*** Opening of Data provided ***

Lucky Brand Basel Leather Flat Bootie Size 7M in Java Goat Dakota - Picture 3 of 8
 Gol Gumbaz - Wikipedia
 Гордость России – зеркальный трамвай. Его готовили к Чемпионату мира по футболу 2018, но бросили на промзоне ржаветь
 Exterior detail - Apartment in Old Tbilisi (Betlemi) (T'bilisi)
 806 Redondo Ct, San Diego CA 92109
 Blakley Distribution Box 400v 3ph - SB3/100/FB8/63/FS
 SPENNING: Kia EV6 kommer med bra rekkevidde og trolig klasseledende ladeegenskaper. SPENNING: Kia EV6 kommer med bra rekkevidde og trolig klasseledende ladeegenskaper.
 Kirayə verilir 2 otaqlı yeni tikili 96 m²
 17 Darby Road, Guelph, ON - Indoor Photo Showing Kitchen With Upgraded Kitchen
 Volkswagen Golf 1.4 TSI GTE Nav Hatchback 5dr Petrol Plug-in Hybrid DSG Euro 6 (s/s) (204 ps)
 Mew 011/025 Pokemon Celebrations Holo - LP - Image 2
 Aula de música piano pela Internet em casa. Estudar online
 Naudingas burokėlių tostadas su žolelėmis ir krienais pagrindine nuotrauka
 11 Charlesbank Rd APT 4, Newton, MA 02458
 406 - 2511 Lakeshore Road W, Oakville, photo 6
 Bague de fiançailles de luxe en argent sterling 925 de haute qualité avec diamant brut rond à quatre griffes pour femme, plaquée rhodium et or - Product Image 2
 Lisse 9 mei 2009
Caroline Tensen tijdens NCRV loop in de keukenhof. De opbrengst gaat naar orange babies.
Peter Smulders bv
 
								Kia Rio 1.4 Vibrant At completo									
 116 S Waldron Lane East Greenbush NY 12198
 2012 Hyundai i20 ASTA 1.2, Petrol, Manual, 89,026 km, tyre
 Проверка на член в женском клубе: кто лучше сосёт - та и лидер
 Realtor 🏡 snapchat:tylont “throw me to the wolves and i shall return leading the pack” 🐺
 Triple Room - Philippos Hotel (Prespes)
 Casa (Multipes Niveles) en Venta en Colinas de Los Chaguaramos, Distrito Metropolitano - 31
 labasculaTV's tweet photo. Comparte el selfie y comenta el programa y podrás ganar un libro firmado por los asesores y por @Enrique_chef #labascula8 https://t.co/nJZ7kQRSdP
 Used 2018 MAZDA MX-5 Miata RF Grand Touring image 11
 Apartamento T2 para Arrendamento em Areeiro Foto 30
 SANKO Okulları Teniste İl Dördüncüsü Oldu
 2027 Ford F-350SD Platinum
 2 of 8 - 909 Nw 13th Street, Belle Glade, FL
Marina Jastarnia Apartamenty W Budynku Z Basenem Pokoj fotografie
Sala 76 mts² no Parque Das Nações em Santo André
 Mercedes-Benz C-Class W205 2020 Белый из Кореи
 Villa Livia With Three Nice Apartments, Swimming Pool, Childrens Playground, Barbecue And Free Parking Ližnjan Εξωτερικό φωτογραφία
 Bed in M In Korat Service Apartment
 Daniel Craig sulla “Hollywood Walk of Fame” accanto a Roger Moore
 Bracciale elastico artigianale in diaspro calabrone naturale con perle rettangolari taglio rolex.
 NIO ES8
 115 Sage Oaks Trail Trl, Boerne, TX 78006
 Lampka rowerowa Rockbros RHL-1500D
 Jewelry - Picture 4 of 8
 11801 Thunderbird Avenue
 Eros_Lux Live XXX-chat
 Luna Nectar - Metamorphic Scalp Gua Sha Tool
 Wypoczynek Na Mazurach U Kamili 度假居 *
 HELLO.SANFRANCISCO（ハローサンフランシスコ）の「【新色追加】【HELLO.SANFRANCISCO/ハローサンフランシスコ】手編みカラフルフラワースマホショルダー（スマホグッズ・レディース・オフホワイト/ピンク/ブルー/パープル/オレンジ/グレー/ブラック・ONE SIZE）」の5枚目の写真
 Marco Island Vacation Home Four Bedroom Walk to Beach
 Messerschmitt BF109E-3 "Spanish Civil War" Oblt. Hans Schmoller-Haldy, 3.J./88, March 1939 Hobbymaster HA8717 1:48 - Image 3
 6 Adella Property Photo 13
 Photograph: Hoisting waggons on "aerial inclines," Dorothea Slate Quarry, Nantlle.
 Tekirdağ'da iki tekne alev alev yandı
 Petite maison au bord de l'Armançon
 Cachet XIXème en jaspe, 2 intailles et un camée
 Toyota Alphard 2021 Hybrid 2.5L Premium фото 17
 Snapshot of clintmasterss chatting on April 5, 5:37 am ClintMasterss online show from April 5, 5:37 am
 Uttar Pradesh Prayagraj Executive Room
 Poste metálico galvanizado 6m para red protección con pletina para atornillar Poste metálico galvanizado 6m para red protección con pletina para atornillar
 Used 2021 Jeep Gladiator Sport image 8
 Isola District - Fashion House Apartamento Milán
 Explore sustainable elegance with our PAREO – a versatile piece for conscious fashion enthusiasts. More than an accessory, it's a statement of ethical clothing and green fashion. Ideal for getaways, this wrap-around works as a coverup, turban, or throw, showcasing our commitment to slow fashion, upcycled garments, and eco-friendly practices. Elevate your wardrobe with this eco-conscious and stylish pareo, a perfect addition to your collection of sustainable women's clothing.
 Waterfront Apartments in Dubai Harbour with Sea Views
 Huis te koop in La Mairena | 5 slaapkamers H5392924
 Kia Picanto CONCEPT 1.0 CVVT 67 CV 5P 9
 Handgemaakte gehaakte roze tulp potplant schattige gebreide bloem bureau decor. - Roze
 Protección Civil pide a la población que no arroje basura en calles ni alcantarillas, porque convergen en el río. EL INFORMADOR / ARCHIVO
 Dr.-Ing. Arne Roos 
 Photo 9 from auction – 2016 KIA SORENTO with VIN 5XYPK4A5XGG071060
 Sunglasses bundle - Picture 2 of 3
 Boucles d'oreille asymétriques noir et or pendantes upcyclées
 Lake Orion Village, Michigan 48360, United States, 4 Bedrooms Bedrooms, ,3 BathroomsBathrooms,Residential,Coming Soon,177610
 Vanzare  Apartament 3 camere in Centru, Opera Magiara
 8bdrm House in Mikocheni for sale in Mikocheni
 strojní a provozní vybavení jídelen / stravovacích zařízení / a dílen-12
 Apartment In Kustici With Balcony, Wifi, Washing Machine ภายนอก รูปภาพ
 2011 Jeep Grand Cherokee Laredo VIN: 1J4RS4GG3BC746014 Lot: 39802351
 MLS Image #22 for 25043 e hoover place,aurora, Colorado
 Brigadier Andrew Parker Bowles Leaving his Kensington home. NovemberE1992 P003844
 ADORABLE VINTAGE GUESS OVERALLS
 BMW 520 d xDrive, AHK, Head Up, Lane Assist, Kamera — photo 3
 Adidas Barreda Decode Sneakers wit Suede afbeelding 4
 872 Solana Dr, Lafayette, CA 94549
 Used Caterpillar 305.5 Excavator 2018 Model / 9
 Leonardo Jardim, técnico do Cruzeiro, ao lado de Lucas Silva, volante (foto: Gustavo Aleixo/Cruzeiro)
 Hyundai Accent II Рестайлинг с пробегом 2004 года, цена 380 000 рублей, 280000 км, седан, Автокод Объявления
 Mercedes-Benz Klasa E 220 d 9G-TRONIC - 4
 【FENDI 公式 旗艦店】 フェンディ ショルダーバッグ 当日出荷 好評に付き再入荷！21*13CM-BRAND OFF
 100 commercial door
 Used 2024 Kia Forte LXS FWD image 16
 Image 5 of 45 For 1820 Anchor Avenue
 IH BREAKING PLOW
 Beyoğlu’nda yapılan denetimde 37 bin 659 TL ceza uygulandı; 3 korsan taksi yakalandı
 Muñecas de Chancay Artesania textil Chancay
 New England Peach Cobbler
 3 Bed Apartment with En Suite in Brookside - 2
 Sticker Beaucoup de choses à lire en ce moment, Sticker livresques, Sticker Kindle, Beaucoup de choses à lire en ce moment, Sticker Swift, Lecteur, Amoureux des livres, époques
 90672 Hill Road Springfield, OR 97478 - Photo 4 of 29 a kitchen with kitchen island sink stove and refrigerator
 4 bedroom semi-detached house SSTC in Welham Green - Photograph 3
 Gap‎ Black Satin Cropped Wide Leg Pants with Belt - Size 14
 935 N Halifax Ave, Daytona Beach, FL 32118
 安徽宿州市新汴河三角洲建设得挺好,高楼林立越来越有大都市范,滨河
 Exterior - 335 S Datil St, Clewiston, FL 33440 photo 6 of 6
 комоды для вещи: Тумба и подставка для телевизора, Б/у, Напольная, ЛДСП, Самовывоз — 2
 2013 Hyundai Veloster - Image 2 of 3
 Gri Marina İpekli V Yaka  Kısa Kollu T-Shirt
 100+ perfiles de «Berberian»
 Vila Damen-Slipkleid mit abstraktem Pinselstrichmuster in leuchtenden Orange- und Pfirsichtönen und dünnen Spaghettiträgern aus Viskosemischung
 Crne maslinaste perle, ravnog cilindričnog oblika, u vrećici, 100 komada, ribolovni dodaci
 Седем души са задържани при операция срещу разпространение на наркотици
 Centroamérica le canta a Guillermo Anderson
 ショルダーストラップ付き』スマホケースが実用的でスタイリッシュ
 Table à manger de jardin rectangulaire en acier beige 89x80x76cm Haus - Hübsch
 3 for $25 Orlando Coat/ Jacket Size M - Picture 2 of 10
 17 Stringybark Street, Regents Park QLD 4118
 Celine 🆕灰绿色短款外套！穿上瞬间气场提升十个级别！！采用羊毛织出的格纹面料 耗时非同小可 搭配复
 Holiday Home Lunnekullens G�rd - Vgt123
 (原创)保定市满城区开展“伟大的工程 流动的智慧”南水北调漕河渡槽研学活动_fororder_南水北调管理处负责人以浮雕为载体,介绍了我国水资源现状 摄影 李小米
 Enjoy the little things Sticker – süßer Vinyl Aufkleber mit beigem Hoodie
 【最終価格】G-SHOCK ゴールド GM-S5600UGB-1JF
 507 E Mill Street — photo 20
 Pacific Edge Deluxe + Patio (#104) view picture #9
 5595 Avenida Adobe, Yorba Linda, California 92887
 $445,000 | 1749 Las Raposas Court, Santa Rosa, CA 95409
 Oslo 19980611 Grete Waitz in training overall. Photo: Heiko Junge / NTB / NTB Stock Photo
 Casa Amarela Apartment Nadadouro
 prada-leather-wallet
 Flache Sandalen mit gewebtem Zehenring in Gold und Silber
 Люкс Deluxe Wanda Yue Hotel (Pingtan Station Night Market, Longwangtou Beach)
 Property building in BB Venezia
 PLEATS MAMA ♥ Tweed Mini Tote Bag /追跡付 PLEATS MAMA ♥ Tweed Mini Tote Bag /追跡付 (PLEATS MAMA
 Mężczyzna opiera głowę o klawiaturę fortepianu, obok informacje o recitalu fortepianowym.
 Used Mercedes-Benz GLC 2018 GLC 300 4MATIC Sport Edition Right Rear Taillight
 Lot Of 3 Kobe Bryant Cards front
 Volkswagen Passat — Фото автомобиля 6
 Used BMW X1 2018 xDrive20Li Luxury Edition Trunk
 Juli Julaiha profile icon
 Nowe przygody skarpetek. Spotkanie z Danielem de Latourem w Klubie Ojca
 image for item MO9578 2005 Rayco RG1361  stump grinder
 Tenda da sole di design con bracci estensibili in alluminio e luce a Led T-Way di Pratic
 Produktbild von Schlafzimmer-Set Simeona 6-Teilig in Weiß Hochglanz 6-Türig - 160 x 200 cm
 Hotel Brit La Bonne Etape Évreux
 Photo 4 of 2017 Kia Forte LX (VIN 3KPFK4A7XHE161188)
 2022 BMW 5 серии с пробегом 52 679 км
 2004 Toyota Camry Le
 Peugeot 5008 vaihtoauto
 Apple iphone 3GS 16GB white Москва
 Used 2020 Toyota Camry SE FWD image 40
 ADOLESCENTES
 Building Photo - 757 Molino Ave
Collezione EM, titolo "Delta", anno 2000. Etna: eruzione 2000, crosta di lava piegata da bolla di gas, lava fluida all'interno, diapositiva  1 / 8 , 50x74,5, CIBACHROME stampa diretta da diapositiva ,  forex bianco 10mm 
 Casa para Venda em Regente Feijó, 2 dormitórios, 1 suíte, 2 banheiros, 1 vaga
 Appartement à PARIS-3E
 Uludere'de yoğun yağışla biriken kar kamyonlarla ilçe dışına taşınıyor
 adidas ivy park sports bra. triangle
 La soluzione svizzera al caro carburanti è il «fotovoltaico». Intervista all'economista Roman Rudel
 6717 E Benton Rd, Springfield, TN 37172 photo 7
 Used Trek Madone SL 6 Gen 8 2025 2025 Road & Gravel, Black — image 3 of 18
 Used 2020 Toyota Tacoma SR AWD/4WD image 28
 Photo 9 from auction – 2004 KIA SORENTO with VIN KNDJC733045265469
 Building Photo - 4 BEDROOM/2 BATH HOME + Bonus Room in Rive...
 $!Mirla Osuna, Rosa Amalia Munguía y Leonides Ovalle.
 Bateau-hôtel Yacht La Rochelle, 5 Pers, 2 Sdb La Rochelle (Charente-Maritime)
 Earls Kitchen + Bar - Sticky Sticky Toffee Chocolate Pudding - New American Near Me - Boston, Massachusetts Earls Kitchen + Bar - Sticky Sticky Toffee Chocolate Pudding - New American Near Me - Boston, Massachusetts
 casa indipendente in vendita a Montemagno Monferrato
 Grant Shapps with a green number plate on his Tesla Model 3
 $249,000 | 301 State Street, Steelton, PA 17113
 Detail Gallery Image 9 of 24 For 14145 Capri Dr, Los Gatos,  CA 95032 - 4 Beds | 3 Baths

*** Close of Data provided ***

» Problem requirements: Please reproduce exactly the lines in the listing above from the one containing "Holiday Home Lunnekullens G�rd - Vgt123" through the one containing "Building Photo - 757 Molino Ave", both included, and nothing more.

» Exercise output:
 Holiday Home Lunnekullens G�rd - Vgt123
 (原创)保定市满城区开展“伟大的工程 流动的智慧”南水北调漕河渡槽研学活动_fororder_南水北调管理处负责人以浮雕为载体,介绍了我国水资源现状 摄影 李小米
 Enjoy the little things Sticker – süßer Vinyl Aufkleber mit beigem Hoodie
 【最終価格】G-SHOCK ゴールド GM-S5600UGB-1JF
 507 E Mill Street — photo 20
 Pacific Edge Deluxe + Patio (#104) view picture #9
 5595 Avenida Adobe, Yorba Linda, California 92887
 $445,000 | 1749 Las Raposas Court, Santa Rosa, CA 95409
 Oslo 19980611 Grete Waitz in training overall. Photo: Heiko Junge / NTB / NTB Stock Photo
 Casa Amarela Apartment Nadadouro
 prada-leather-wallet
 Flache Sandalen mit gewebtem Zehenring in Gold und Silber
 Люкс Deluxe Wanda Yue Hotel (Pingtan Station Night Market, Longwangtou Beach)
 Property building in BB Venezia
 PLEATS MAMA ♥ Tweed Mini Tote Bag /追跡付 PLEATS MAMA ♥ Tweed Mini Tote Bag /追跡付 (PLEATS MAMA
 Mężczyzna opiera głowę o klawiaturę fortepianu, obok informacje o recitalu fortepianowym.
 Used Mercedes-Benz GLC 2018 GLC 300 4MATIC Sport Edition Right Rear Taillight
 Lot Of 3 Kobe Bryant Cards front
 Volkswagen Passat — Фото автомобиля 6
 Used BMW X1 2018 xDrive20Li Luxury Edition Trunk
 Juli Julaiha profile icon
 Nowe przygody skarpetek. Spotkanie z Danielem de Latourem w Klubie Ojca
 image for item MO9578 2005 Rayco RG1361  stump grinder
 Tenda da sole di design con bracci estensibili in alluminio e luce a Led T-Way di Pratic
 Produktbild von Schlafzimmer-Set Simeona 6-Teilig in Weiß Hochglanz 6-Türig - 160 x 200 cm
 Hotel Brit La Bonne Etape Évreux
 Photo 4 of 2017 Kia Forte LX (VIN 3KPFK4A7XHE161188)
 2022 BMW 5 серии с пробегом 52 679 км
 2004 Toyota Camry Le
 Peugeot 5008 vaihtoauto
 Apple iphone 3GS 16GB white Москва
 Used 2020 Toyota Camry SE FWD image 40
 ADOLESCENTES
 Building Photo - 757 Molino Ave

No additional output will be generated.